T.R. Buttion, the Senior Vice President of Flight Operations presented her with a letter of termination on April 24, 1981, that read, "It is our belief that the controversial nature of the operation you have undergone will detract from and prevent any flight crew of which you are a part of from operating in the integrated, coordinated fashion that is necessary to attain the highest degree of safety." The letter also noted that other Eastern pilots would refuse to fly with her.

Ulane filed a discrimination charge with the Equal Employment Opportunity Commission which resulted in the civil case, Ulane v. Eastern Airlines. In her case against Eastern Airlines, Ulane reported coping with gender dysphoria from the age of 5 or 6. U.S. District Judge John F. Grady ruled in her favor, ordering her reinstatement and $158,590 in back pay. Eastern appealed the ruling and it was overturned in the U.S. Court of Appeals for the Seventh Circuit, and in 1985, the U.S. Supreme Court let the appellate ruling stand. According to her attorney, Ulane ultimately received a settlement from the airlines that was "substantially more" than the amount ordered by judge Grady.

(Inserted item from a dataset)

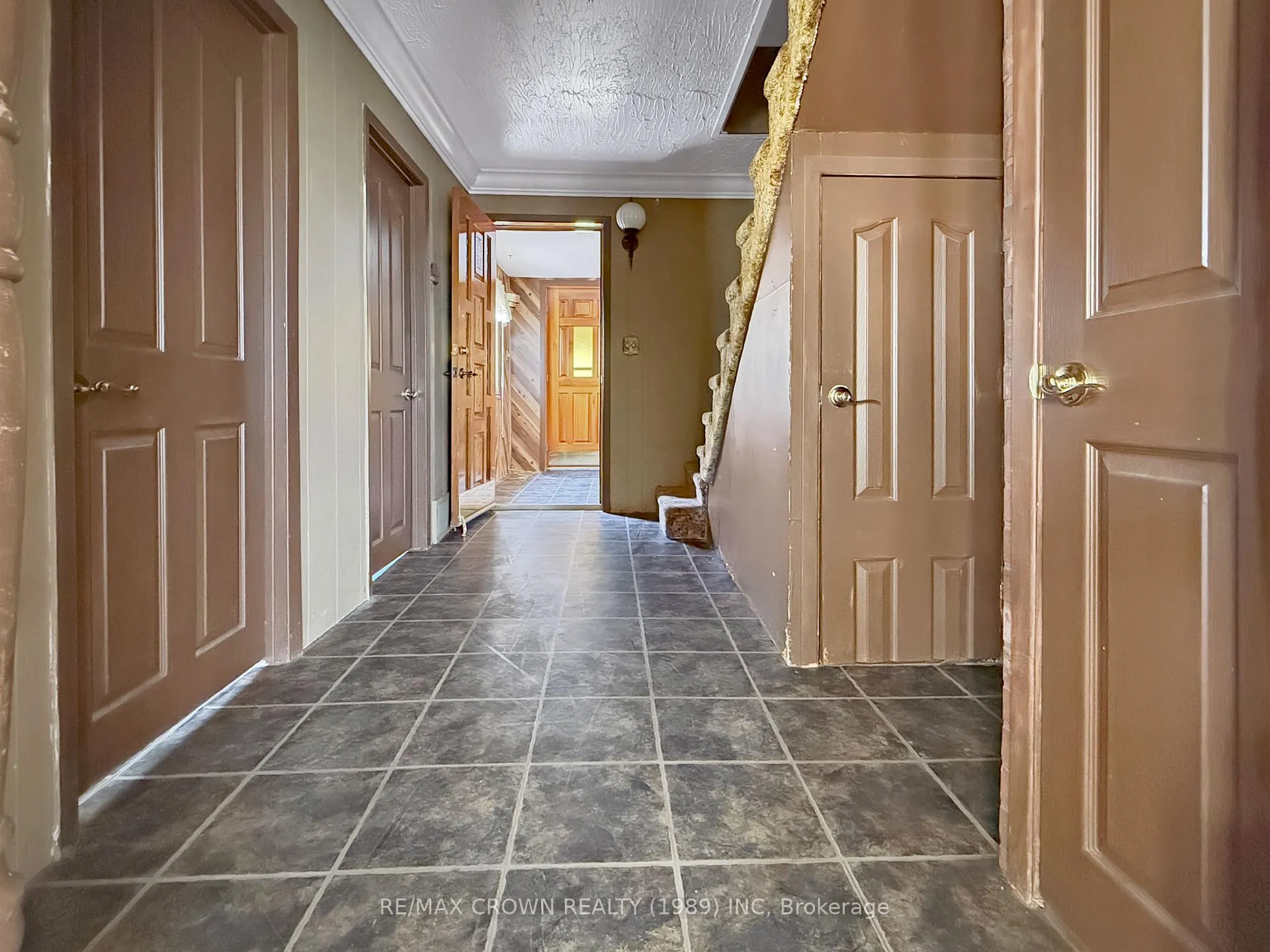 Photo 24 of 24 Fontaine Drive, Hearst — HOMEH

Ulane died in the crash of a chartered DC-3 she was piloting on a training flight, approximately five miles southwest of DeKalb, Illinois on May 22, 1989. Two others also died in the crash.

=== Legacy ===
The case Ulane v. Eastern Airlines set legal precedent in the United States that transgender identities did not fall under the protection of the Civil Rights Act of 1964, a standing which remained for decades.